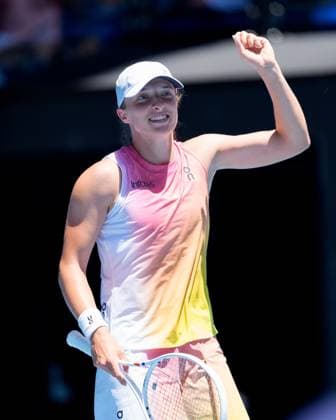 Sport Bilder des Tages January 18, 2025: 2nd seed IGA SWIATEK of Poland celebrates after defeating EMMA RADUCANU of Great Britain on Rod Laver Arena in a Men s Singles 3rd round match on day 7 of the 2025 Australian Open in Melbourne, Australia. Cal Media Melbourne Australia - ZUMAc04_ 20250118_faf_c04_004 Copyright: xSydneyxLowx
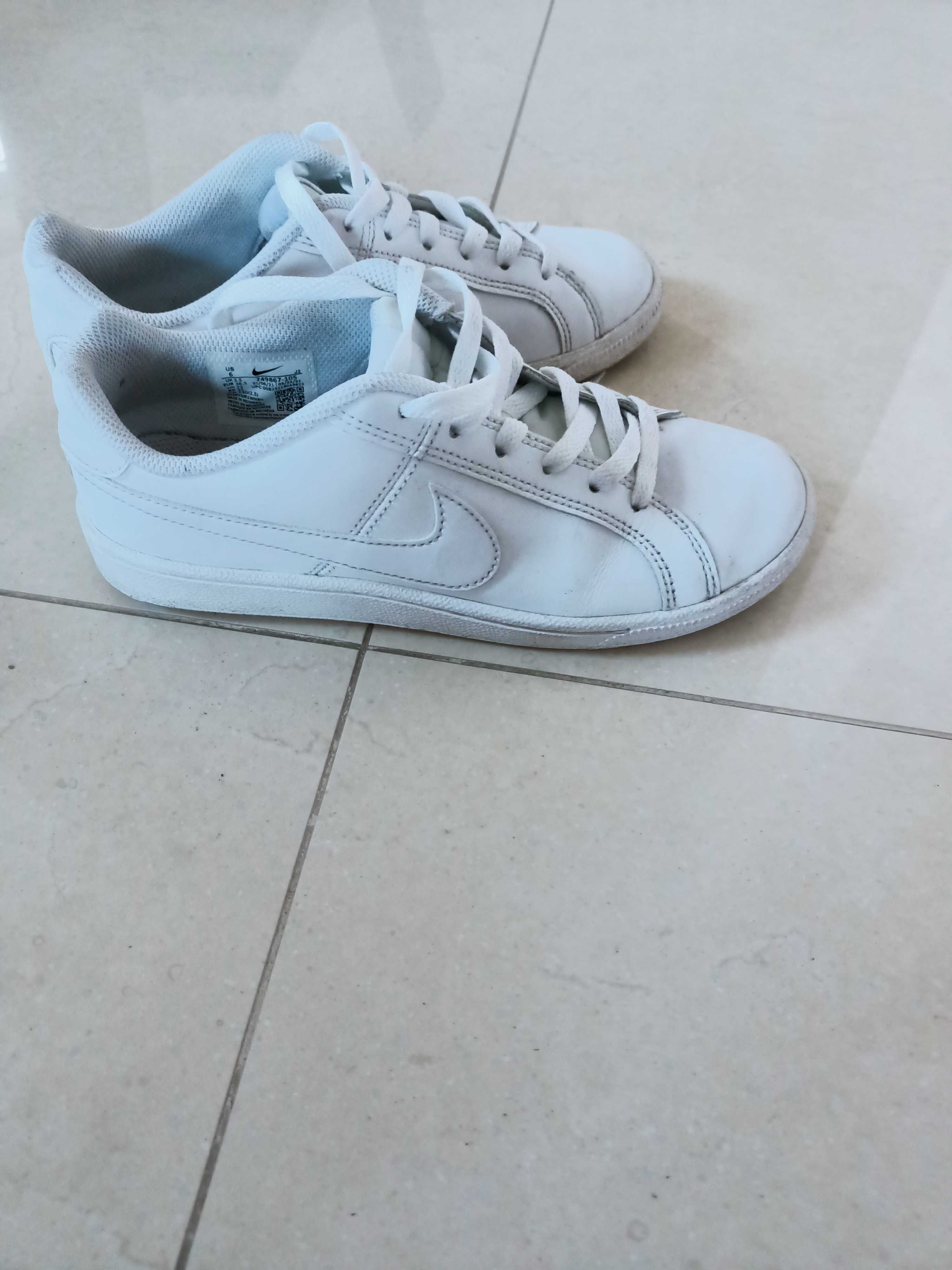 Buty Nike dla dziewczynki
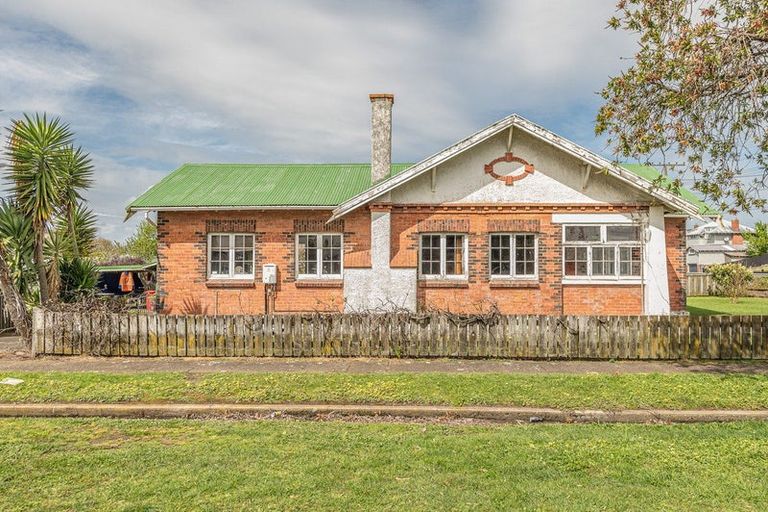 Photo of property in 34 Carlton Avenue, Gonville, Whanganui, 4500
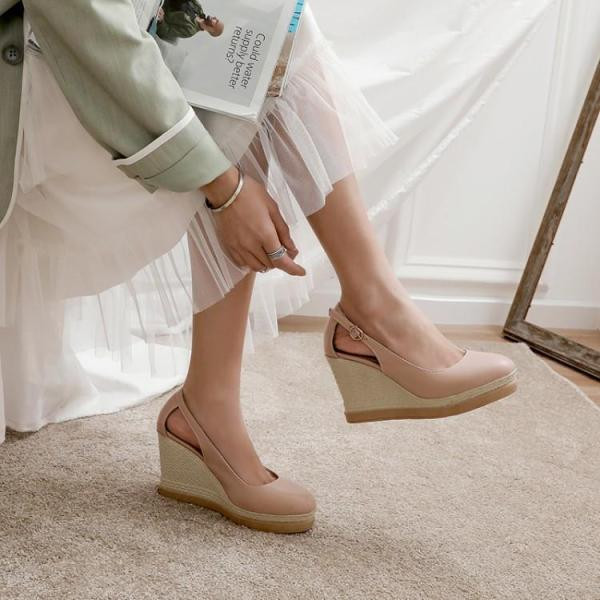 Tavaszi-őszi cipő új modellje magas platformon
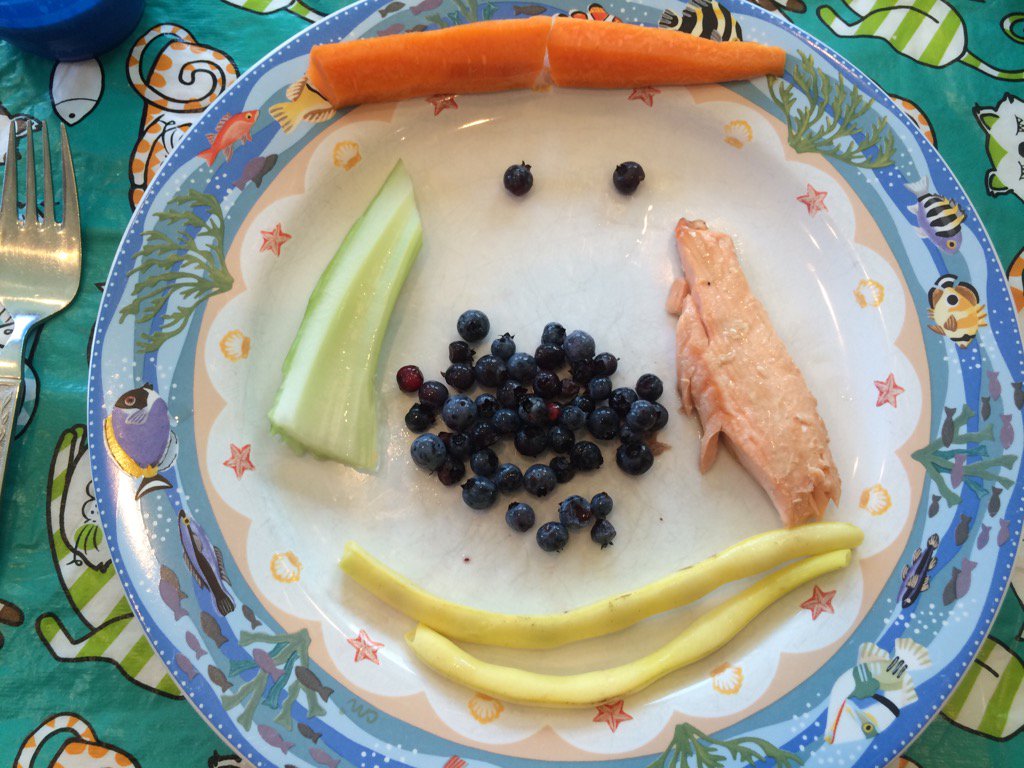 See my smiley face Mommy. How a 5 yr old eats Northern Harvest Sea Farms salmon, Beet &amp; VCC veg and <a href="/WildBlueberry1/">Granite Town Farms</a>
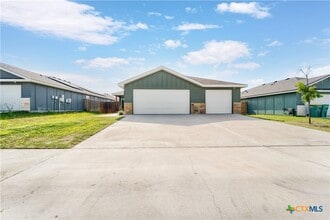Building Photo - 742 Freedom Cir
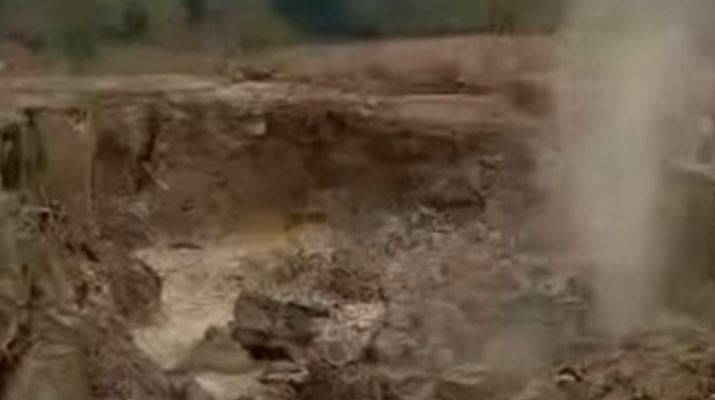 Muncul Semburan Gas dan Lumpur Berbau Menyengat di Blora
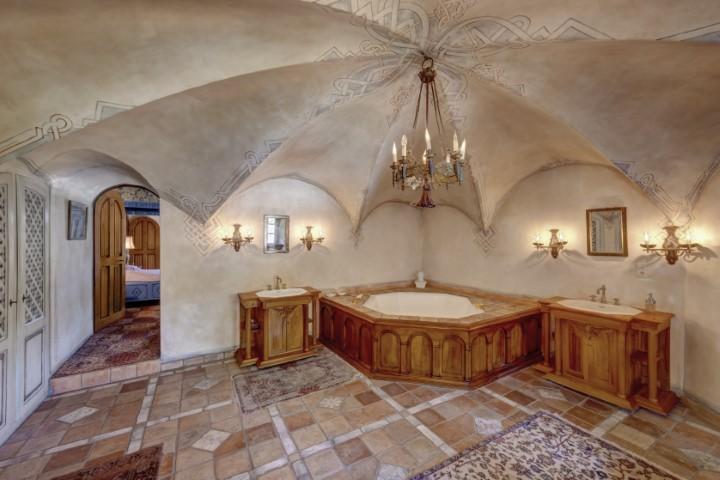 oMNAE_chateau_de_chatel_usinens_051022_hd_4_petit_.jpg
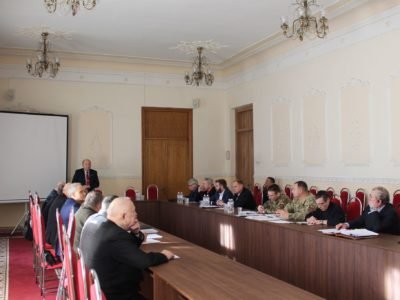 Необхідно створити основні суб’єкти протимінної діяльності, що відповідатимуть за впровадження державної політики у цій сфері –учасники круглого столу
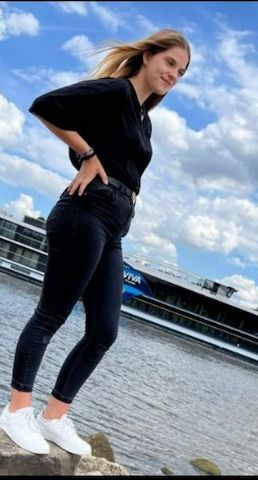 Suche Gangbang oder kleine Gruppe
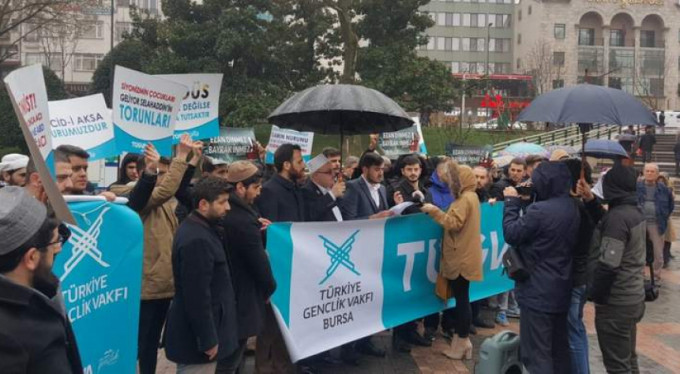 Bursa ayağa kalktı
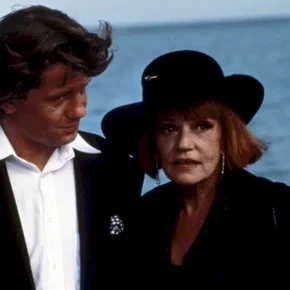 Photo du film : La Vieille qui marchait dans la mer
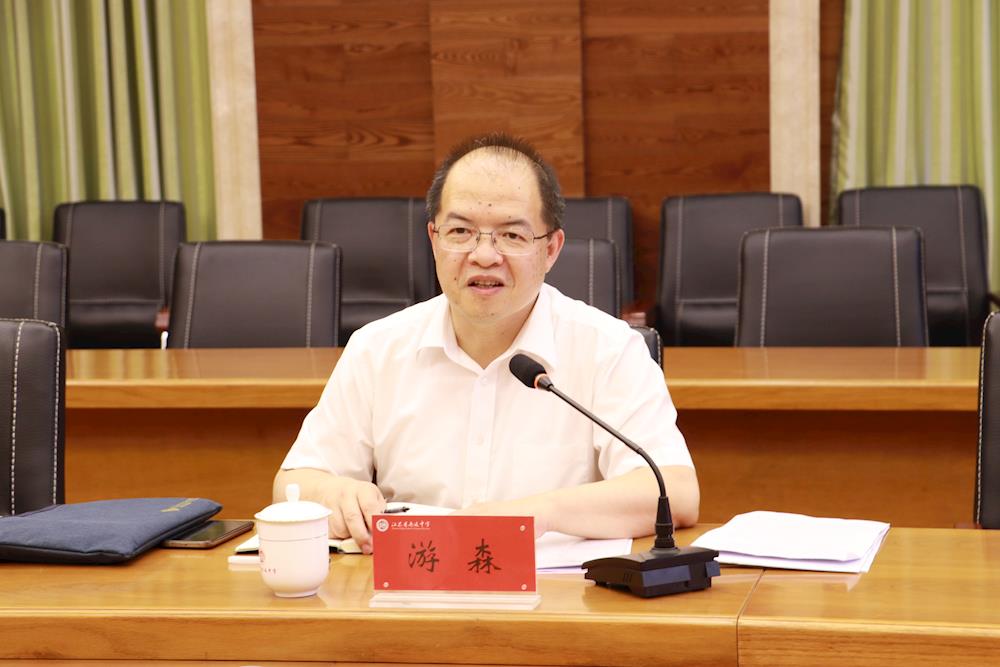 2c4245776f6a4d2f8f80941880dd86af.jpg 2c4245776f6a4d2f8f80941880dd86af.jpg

● ● ● ● ●

• [Aim of the task]
Return the data verbatim, leaving out the pictures it holds.

• [Reply]
 Sport Bilder des Tages January 18, 2025: 2nd seed IGA SWIATEK of Poland celebrates after defeating EMMA RADUCANU of Great Britain on Rod Laver Arena in a Men s Singles 3rd round match on day 7 of the 2025 Australian Open in Melbourne, Australia. Cal Media Melbourne Australia - ZUMAc04_ 20250118_faf_c04_004 Copyright: xSydneyxLowx
 Buty Nike dla dziewczynki
 Photo of property in 34 Carlton Avenue, Gonville, Whanganui, 4500
 Tavaszi-őszi cipő új modellje magas platformon
 See my smiley face Mommy. How a 5 yr old eats Northern Harvest Sea Farms salmon, Beet &amp; VCC veg and <a href="/WildBlueberry1/">Granite Town Farms</a>
Building Photo - 742 Freedom Cir
 Muncul Semburan Gas dan Lumpur Berbau Menyengat di Blora
 oMNAE_chateau_de_chatel_usinens_051022_hd_4_petit_.jpg
 Необхідно створити основні суб’єкти протимінної діяльності, що відповідатимуть за впровадження державної політики у цій сфері –учасники круглого столу
 Suche Gangbang oder kleine Gruppe
 Bursa ayağa kalktı
 Photo du film : La Vieille qui marchait dans la mer
 2c4245776f6a4d2f8f80941880dd86af.jpg 2c4245776f6a4d2f8f80941880dd86af.jpg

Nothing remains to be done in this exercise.